Written by Siobhan Morrin
29 Monday 29th November 2010
Female Genital Mutilation (FGM) is a phenomenon that Don’t Panic has reported on previously. The issue has come to the fore again, with the screening of The Day I Will Never Forget, a film centring on FGM in Kenya.
 
Statistics from 2003 show that around 32% of women in Kenya had reported being circumcised, though this rose to above 90% in certain rural areas. These figures have shown a decline, possibly as a result of the Children’s Act passed in 2001 that made FGM illegal. However, as these are only reported occasions, there is a fear that many instances now take place in greater secrecy.
 
The process of FGM varies between communities, depending on tradition. There are three types, ranging from the least invasive, the removal of the clitoris, to the most, involving removal of entire inner labia and narrowing of the vaginal passage. This third type is the most damaging, requiring a girl’s legs to be bound for 40 days to heal over. All three types carry great risks, however, including risk of infection, severe blood loss and death.
 
 
The film, directed by Kim Longinotto, follows a nurse who is trying to convince communities of the dangers of FGM, as well as a group of girls who are seeking a court injunction that will prevent them from becoming victims of the procedure.
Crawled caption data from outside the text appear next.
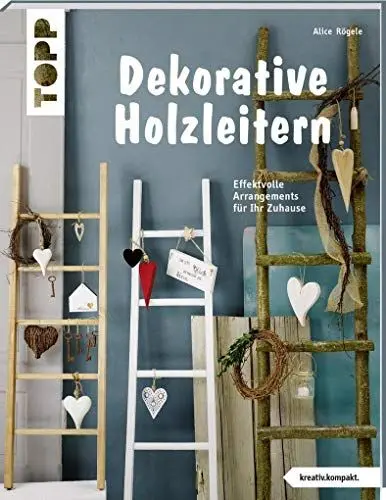 Produktbild: Dekorative Holzleitern (kreativ.kompakt): Effektvolle Arrangements für Ihr Zuhause
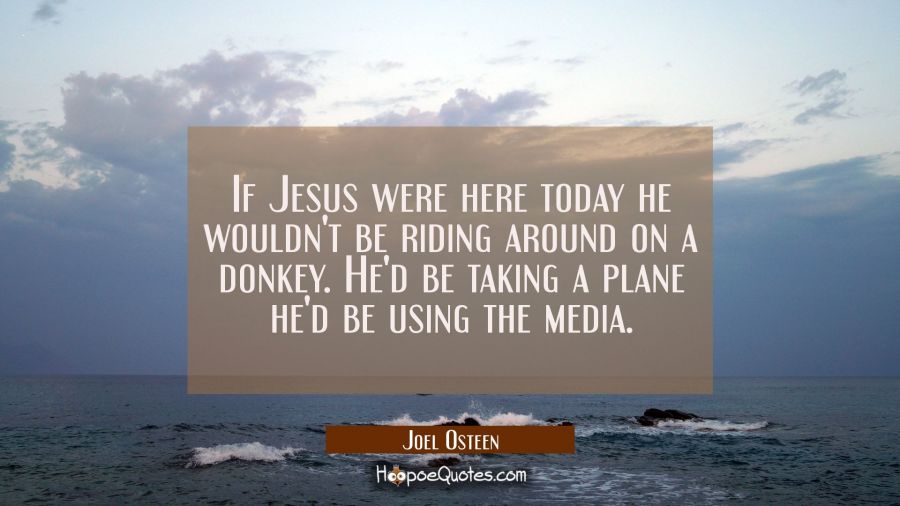 If Jesus were here today he wouldn't be riding around on a donkey. He'd be taking a plane he'd be u Joel Osteen Quotes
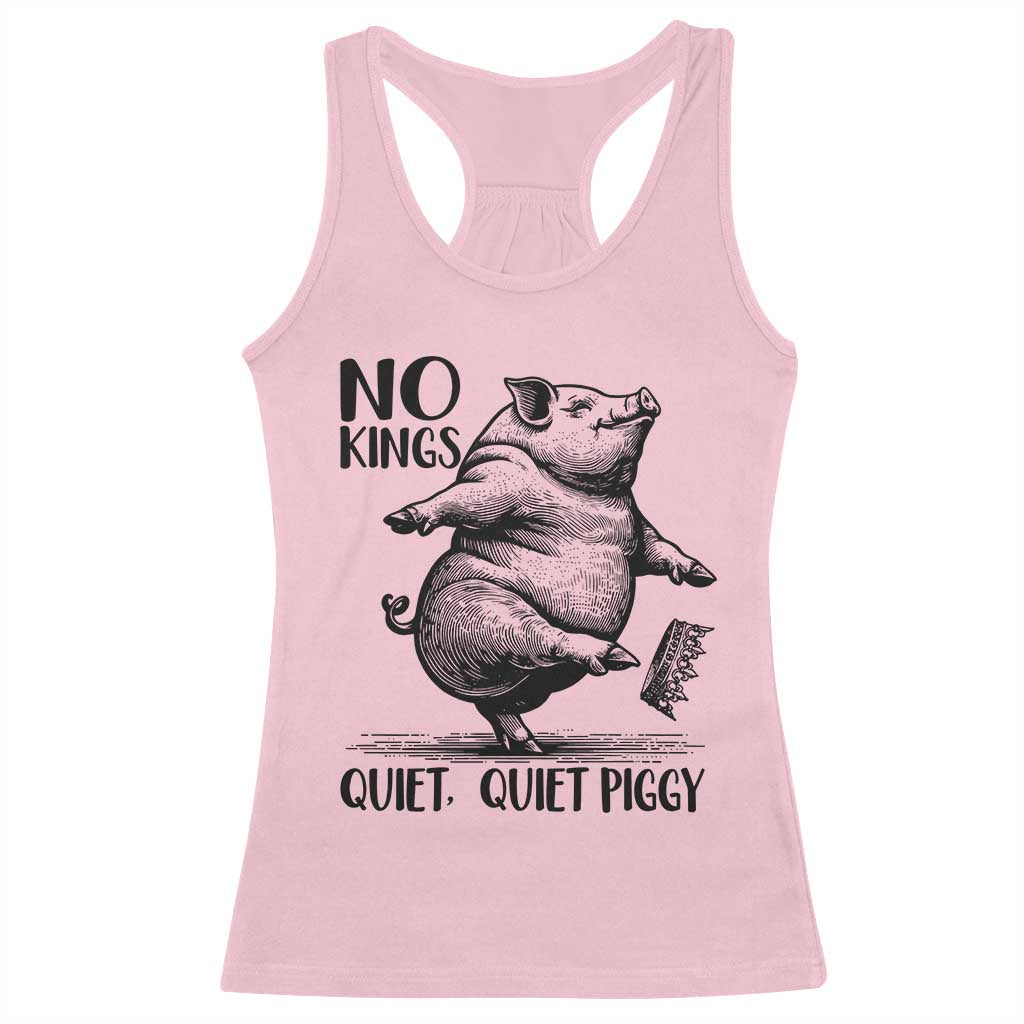 Quiet Piggy No Kings Racerback Tank Top Funny Sarcastic Political - Wonder Print Shop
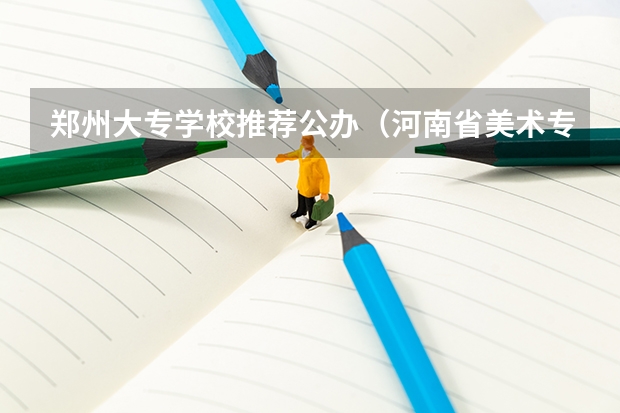 郑州大专学校推荐公办（河南省美术专科学校排名）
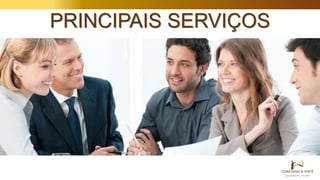 PRINCIPAIS SERVIÇOS
 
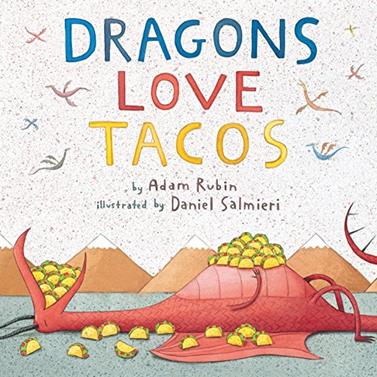 Dragons Love Tacos | 9780803736801 | RUBIN, Adam | Llibreria Sendak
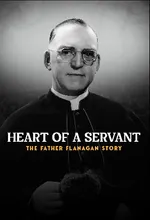 Heart of a Servant: The Father Flanagan Story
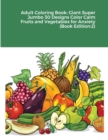 Adult Coloring Book : Giant Super Jumbo 30 Designs Color Calm Fruits and Vegetables for Anxiety (Book Edition:2) - Book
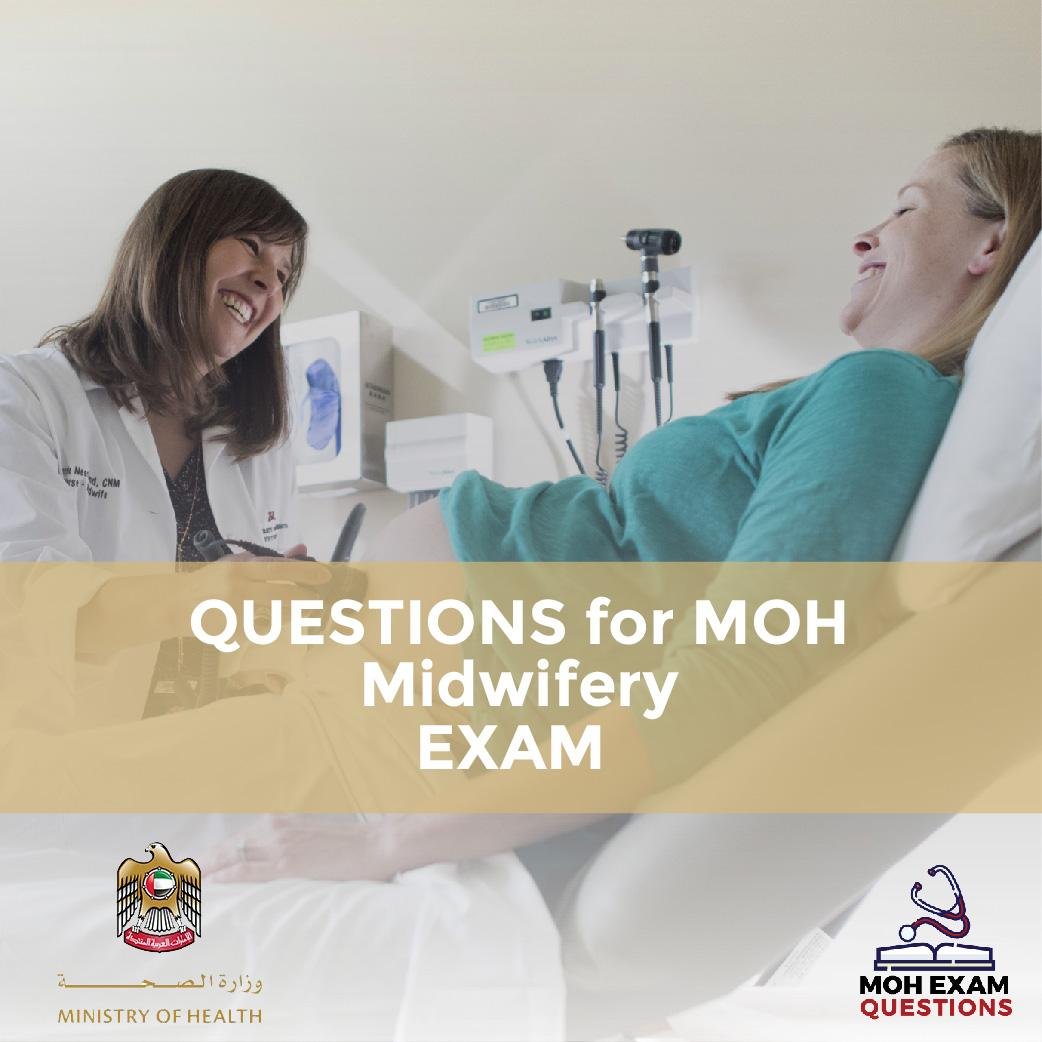 Questions For MOH Midwifery Exam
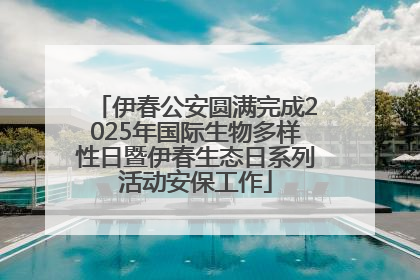 伊春公安圆满完成2025年国际生物多样性日暨伊春生态日系列活动安保工作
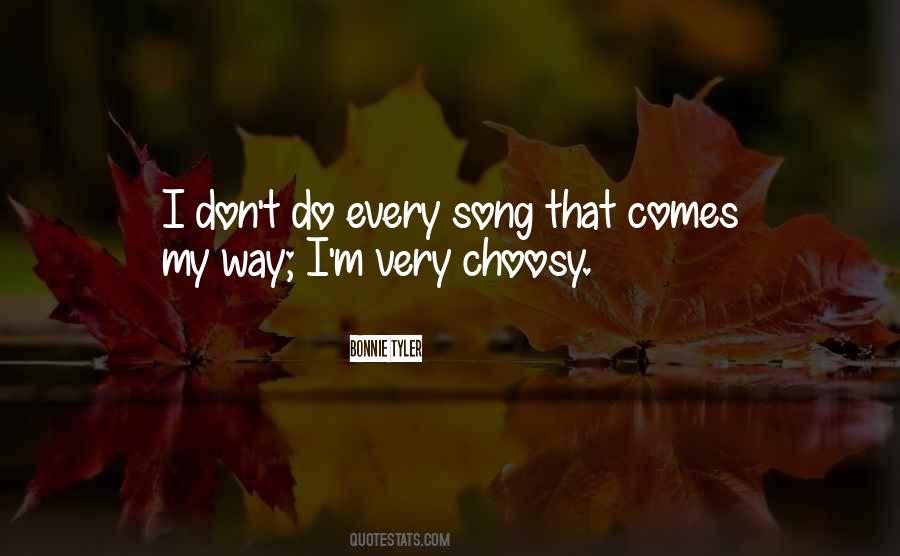 Quotes About Choosy #1654978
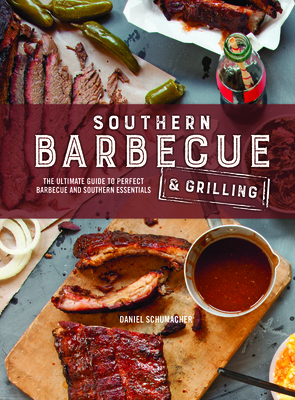 Southern Barbecue & Grilling - Schumacher, Daniel (Editor)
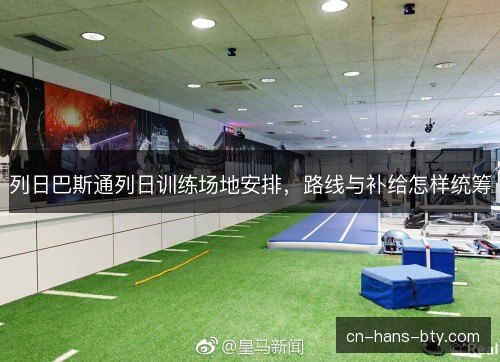列日巴斯通列日训练场地安排，路线与补给怎样统筹
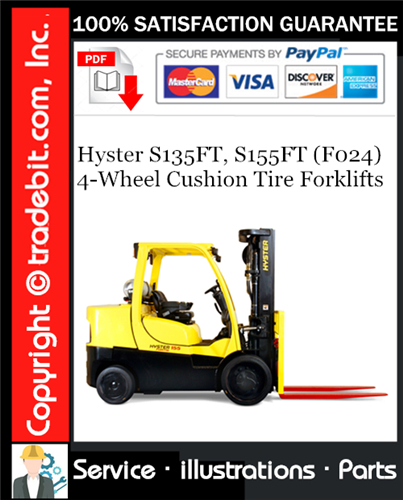 Hyster S135FT, S155FT (F024) 4-Wheel Cushion Tire Forklifts Parts Manual Download ★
We are shown the obstacles they come up against, in particular the strength of tradition that dictates circumcision.
 
In most communities it is culture and tradition that mean a girl cannot become a woman and marry if she has not been circumcised. She is seen as unclean and will be ostracised by her tribe if she does not undergo the procedure. Once she has, however, she will be unable to continue her education, instead becoming a wife and bearing children- now very difficult and painful, sometimes requiring being re-cut open.
 
As well as the often-discussed place of tradition in FGM, the film also studies the important role of the circumcisers. These are women of the tribe, in more recent years often trained medical professionals. They represent another aspect to the issue of FGM. Tradition is clearly significant to them, but carrying out the procedure is also their job and specific role in the tribe.
 
The Day I Will Never Forget, although condemning the dangerous and unfair practice of FGM, demonstrates the complexity of the issue amongst tribe members. Clearly, there are many opinions that must be changed before the procedure can be fully eradicated.